I find this solution very elegant and rigorous. Using the id will not be a robust solution.
And we still don't break the contract that fit.predict == fit_predict unless the user explicitly asks for it.

jnothman · 2018-03-04T01:40:14Z

sklearn/neighbors/lof.py

+        if self.novelty:
+            msg = ('fit_predict is not available when novelty=True. Use '
+                   'novelty=False if you want to predict on the training set.')
+            raise NotImplementedError(msg)


I don't think this is the right error type. It makes it seem like one day we will implement this case

A TypeError would be more normal for a bad call, while a ValueError would be possible too. None is quite satisfying.

I would use ValueError

jnothman · 2018-03-04T01:44:43Z

Test failures. I'm happy with this solution. I'm still not sure we can maintain similar assurances for all Transformers, though

agramfort · 2018-03-04T21:06:02Z

sklearn/neighbors/lof.py

+               'if you want to predict on training data.
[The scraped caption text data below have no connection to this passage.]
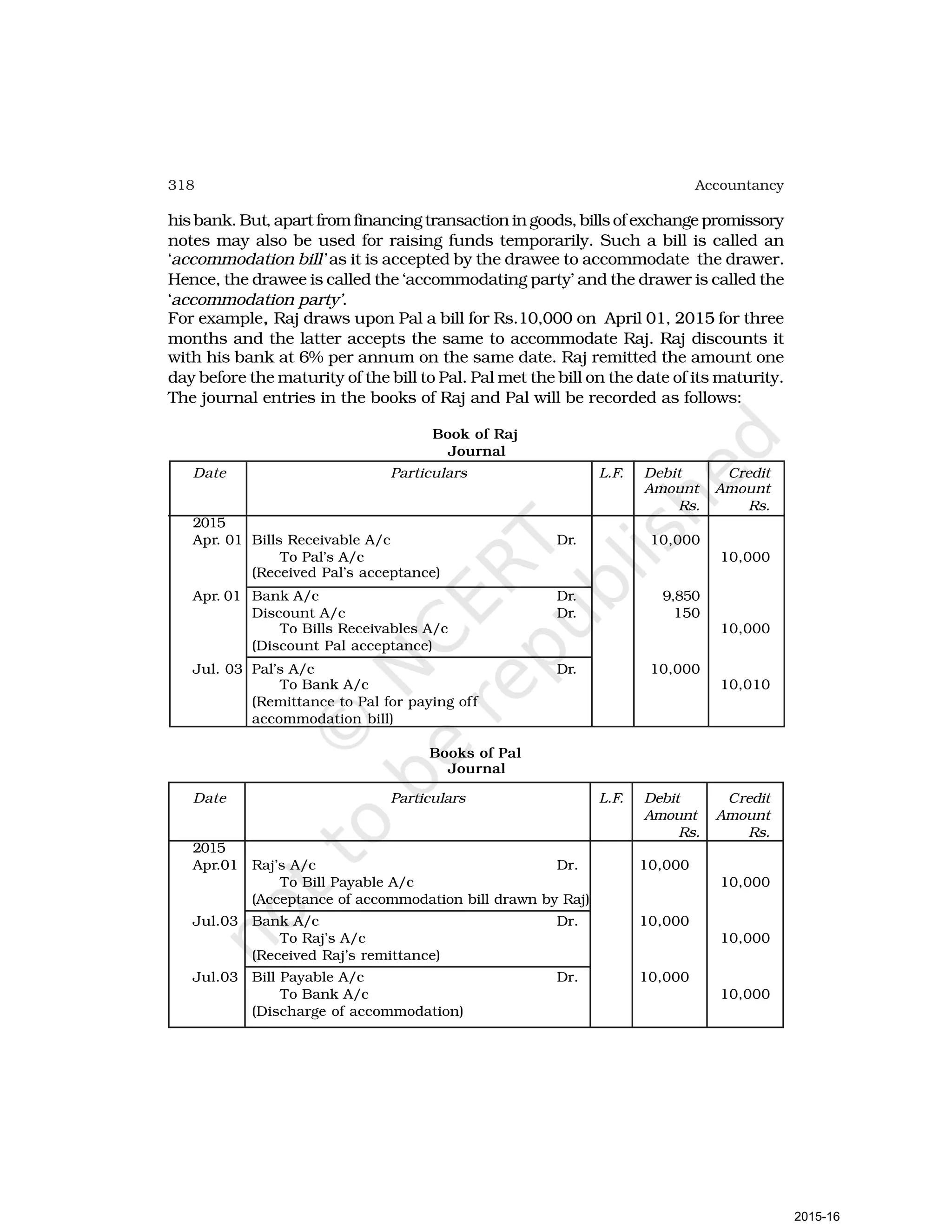 318 Accountancy
his bank. But, apart from financing transaction in goods, bills of exchange promissory
notes may also be used for raising funds temporarily. Such a bill is called an
‘accommodation bill’ as it is accepted by the drawee to accommodate the drawer.
Hence, the drawee is called the ‘accommodating party’ and the drawer is called the
‘accommodation party’.
For example, Raj draws upon Pal a bill for Rs.10,000 on April 01, 2015 for three
months and the latter accepts the same to accommodate Raj. Raj discounts it
with his bank at 6% per annum on the same date. Raj remitted the amount one
day before the maturity of the bill to Pal. Pal met the bill on the date of its maturity.
The journal entries in the books of Raj and Pal will be recorded as follows:
Book of Raj
Journal
Date Particulars L.F. Debit Credit
Amount Amount
Rs. Rs.
2015
Apr. 01 Bills Receivable A/c Dr. 10,000
To Pal’s A/c 10,000
(Received Pal’s acceptance)
Apr. 01 Bank A/c Dr. 9,850
Discount A/c Dr. 150
To Bills Receivables A/c 10,000
(Discount Pal acceptance)
Jul. 03 Pal’s A/c Dr. 10,000
To Bank A/c 10,010
(Remittance to Pal for paying off
accommodation bill)
Books of Pal
Journal
Date Particulars L.F. Debit Credit
Amount Amount
Rs. Rs.
2015
Apr.01 Raj’s A/c Dr. 10,000
To Bill Payable A/c 10,000
(Acceptance of accommodation bill drawn by Raj)
Jul.03 Bank A/c Dr. 10,000
To Raj’s A/c 10,000
(Received Raj’s remittance)
Jul.03 Bill Payable A/c Dr. 10,000
To Bank A/c 10,000
(Discharge of accommodation)
2015-16
 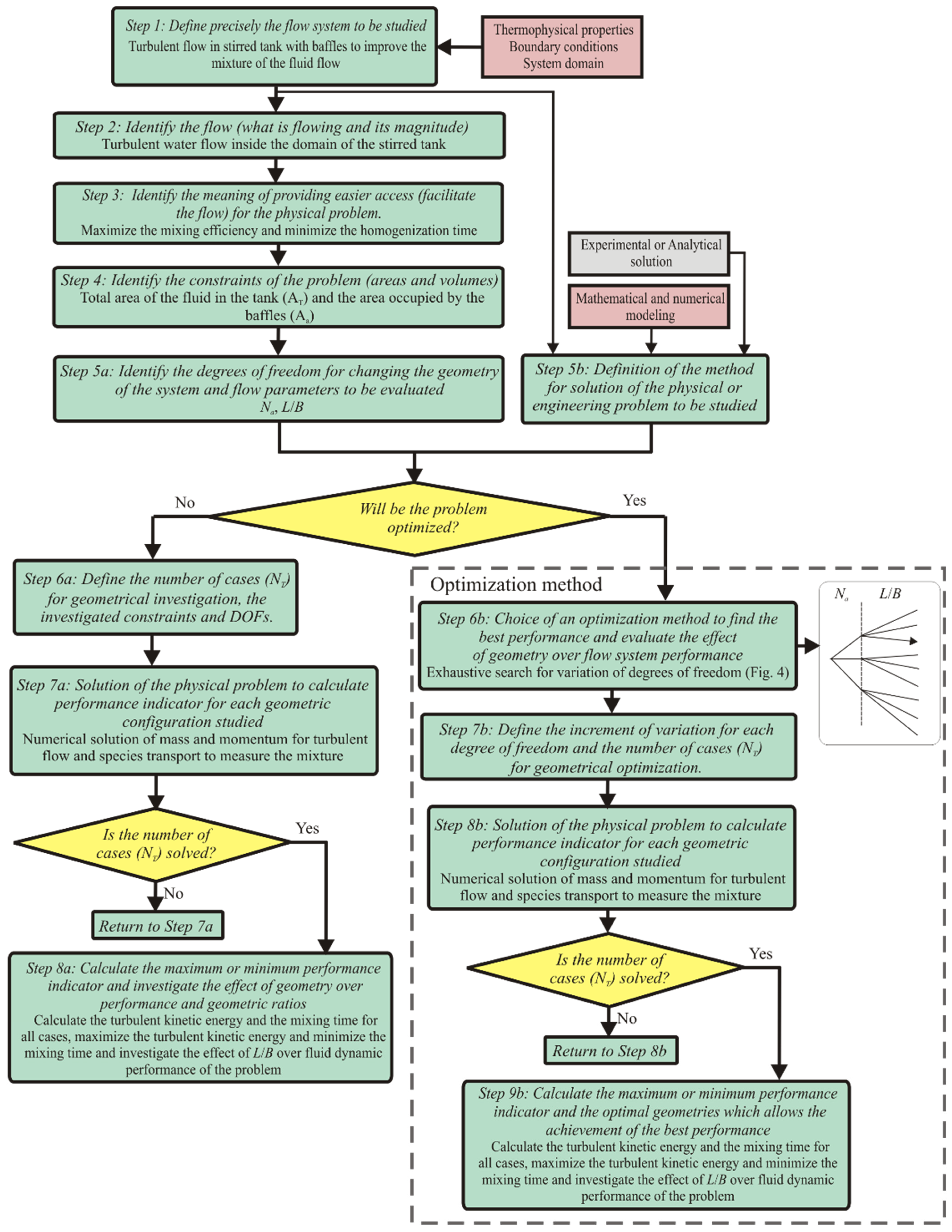 Applsci 12 04827 g002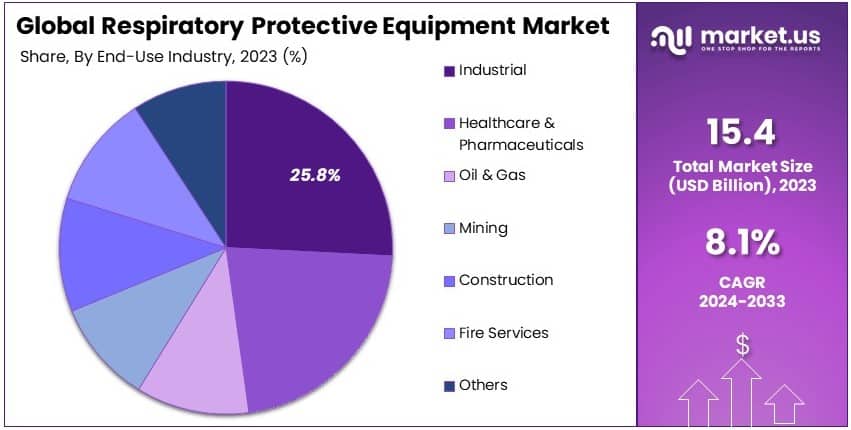 Respiratory Protective Equipment Market Share Analysis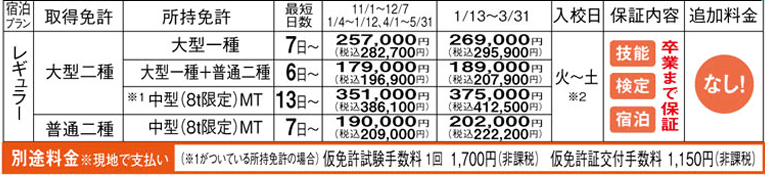 本宮自動車学校　料金表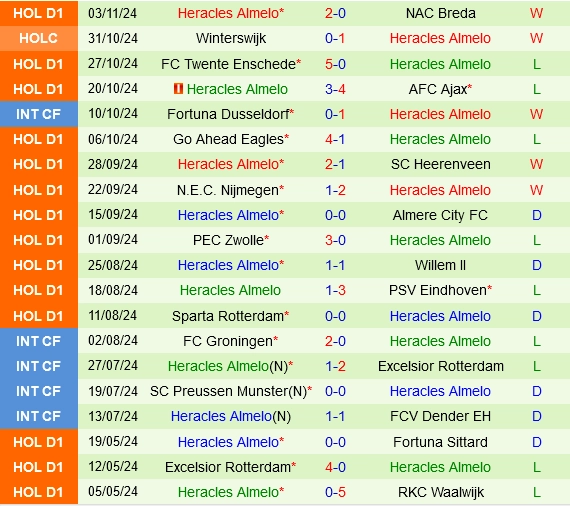 Thành tích gần đây của Heracles Almelo
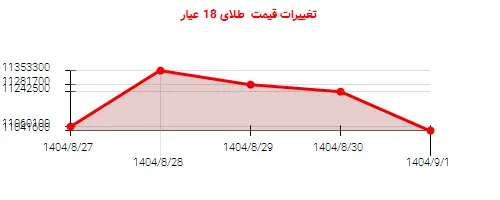تغییرات قیمت  طلای 18 عیار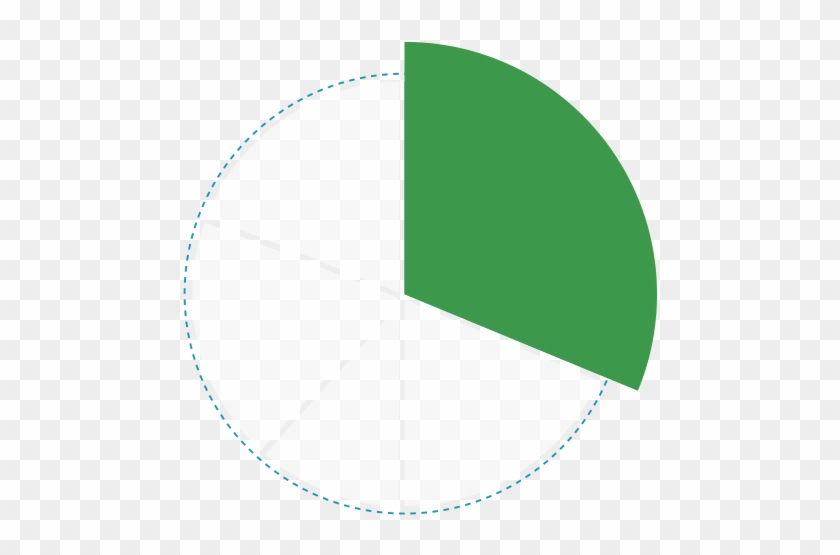 Chart - Circle #1691350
Use novelty=True if '
+               'you want to use LOF for novelty detection and predict on new '
+               'unseen data.')
+        raise NotImplementedError(msg)


ValueError

as I said elsewhere I think it more natural to finish a function with a return than a raise though

albertcthomas · 2018-03-05T08:21:34Z

Thanks for your comments and reviews @jnothman and @agramfort. I think this is a good solution as some people are not ready to break fit.predict = fit_predict (for what I think are good reasons). I'm OK with ValueError. In a way the error is related to the value of the novelty parameter in this case. I will finish this PR, I just wanted to be sure about this before completely implementing this feature.

jnothman · 2018-03-05T08:37:31Z

are we sure about the name of the parameter?

agramfort · 2018-03-05T21:08:37Z

that's fine with me.

albertcthomas · 2018-03-05T22:56:21Z

Unless this kind of solution can be more generally applied (i.e. not just for LOF of outlier detection estimators), novelty seems good to me as well.

albertcthomas · 2018-04-08T14:42:21Z

BTW something's strange in the CI tests... the example examples/covariance/plot_outlier_detection.py should fail as it is using the private method _decision_function, which I removed in the previous commits.

Running the example locally returns

AttributeError: 'LocalOutlierFactor' object has no attribute '_decision_function'

agramfort · 2018-04-08T15:21:47Z

you can commit asking for a full rebuild of the doc. Try putting "[circle full]" in your commit message.

albertcthomas · 2018-04-08T15:24:21Z

I also suggest to remove this example (examples/covariance/plot_outlier_detection.py) since we now have examples/plot_anomaly_comparison.py. WDYT?

albertcthomas · 2018-04-08T15:30:22Z

For plot_lof_outlier_detection.py, I refitted the model with novelty=True in order to show the level sets of the decision_function but that might confuse the users. We should maybe remove this and only illustrate the use of the negative_outlier_factor_ attribute.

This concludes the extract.